Mr Cotton, former chairman
and chief executive of the Samuel Osborn steel group, became Master Cutler
in 1979.
Bernard Cotton was born
in Sheffield, educated at Sheffield City Grammar School and studied metallurgy
at Sheffield University. During the Second World War, he served in the
York and Lancaster Regiment, surviving Dunkirk and going on to the Border
Regiment of the 1st Airborne Division and was a gunnery officer in the
Worcestershire Yeomanry and in the 6th Airborne Division. He took part
in the landing across the Rhine by glider and served in India and Palestine.
After the War he joined Marsh Brothers in Sheffield, moving to the Round Oak steelworks in Worcestershire and London before joining Samuel Osborn in 1969 at the age of 49. He was general manager in Canada until 1963 when he returned to Sheffield to become sales director then took charge of Osborn's steel division, as well as its marketing and long-range forecasting operations. He became chairman and chief executive of Osborn's in 1969 and president after it was taken over by Aurora in 1978.
After his year as Master
Cutler, Mr Cotton went on to own and run a steel forgings company in Manchester.
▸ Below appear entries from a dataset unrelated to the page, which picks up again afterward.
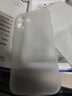 古雷斯（GURRS）適用蘋(píng)果17手機殼 iphone17保護套鏡頭全包超薄膚感磨砂半透明防摔簡(jiǎn)約硅膠軟殼 霧紗白 曬單實(shí)拍圖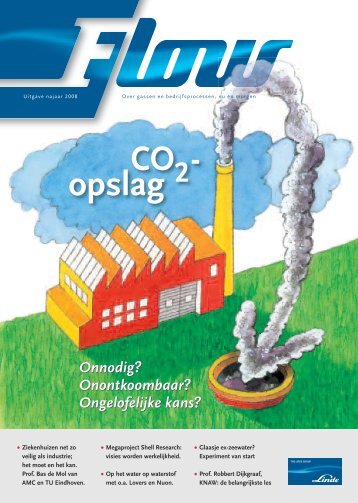 Flow magazine najaar 2008 - Linde Gas Benelux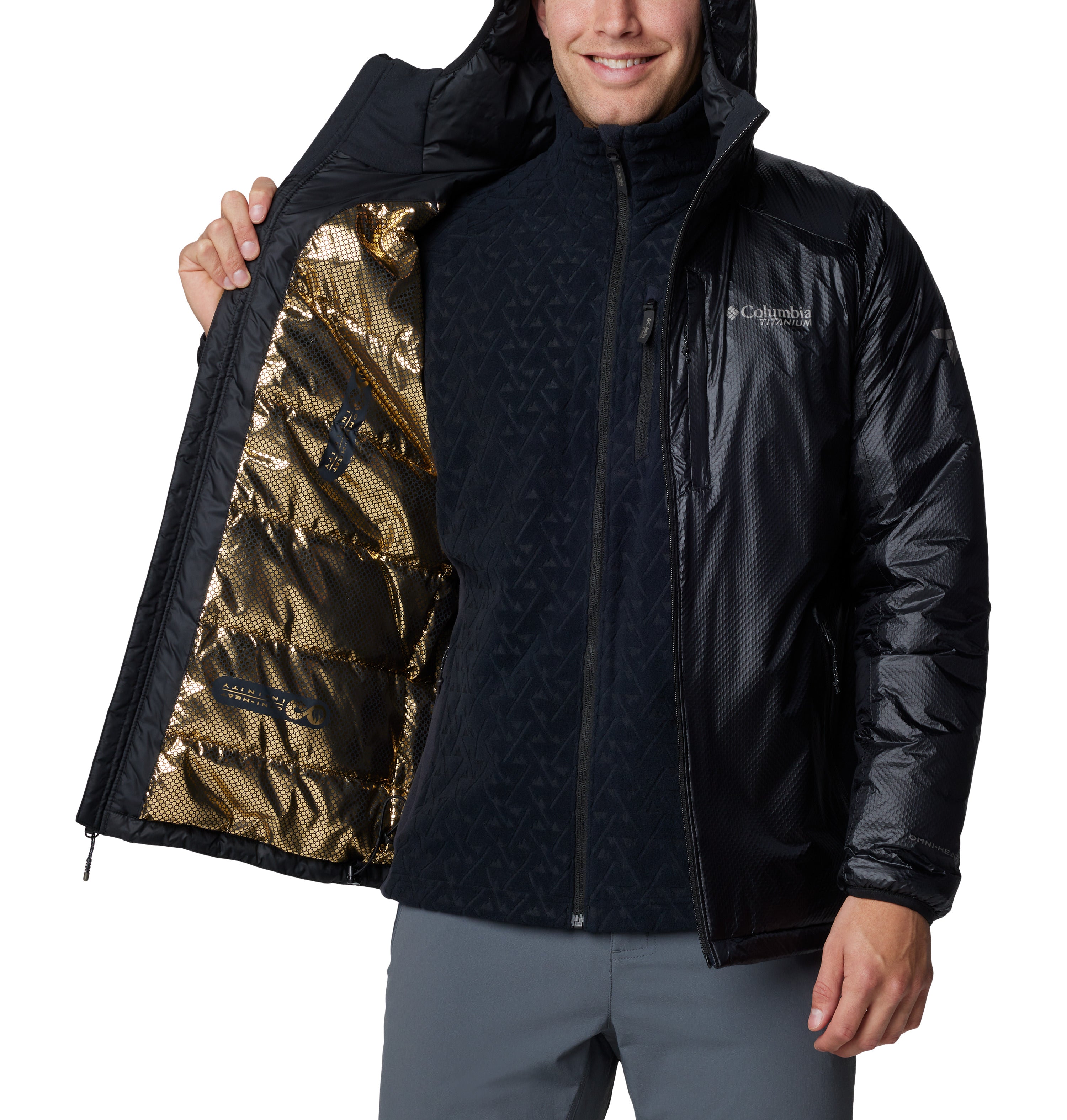 CHAMARRA HOMBRE COLUMBIA | ARC ROCK II HOODED JACKET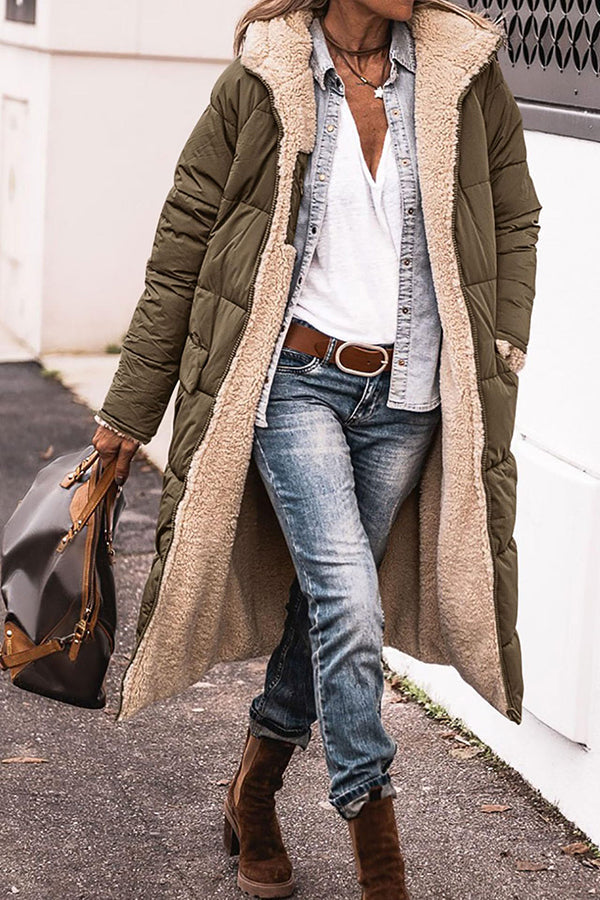 Classic Vintage Coat with a Flattering Fit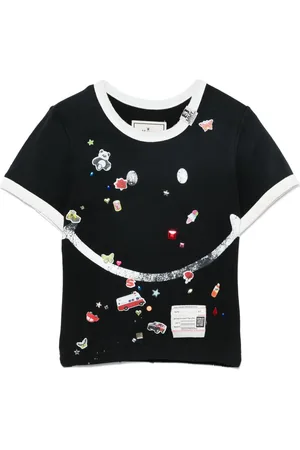 Maison Mihara Yasuhiro T-shirt con stampa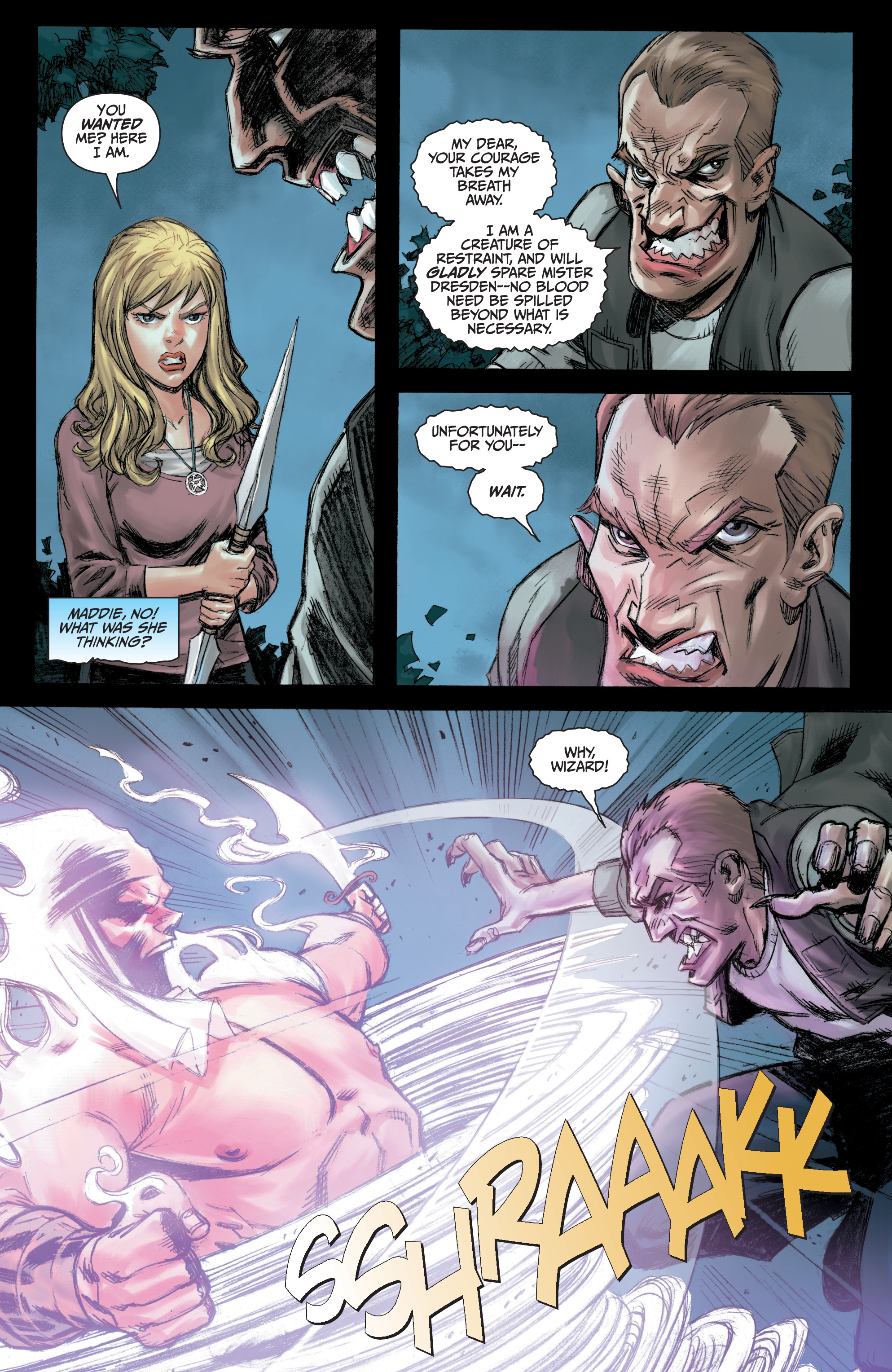 Read online Jim Butcher's The Dresden Files Omnibus comic -  Issue # TPB 2 (Part 2) - 34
In 1985 he became chairman
of the South Yorkshire residuary body which wound up the affairs of the
county council. Mr Cotton was president of the Yorkshire and Humberside
Development Association, chairman of the Yorkshire and Humberside economic
planning council and deputy chairman of governors of the then Sheffield
City Polytechnic, chairman of the Health Service supply council and pro-chancellor
of Sheffield University.
He was awarded a CBE
in 1976 and became an honorary fellow of the polytechnic in 1980.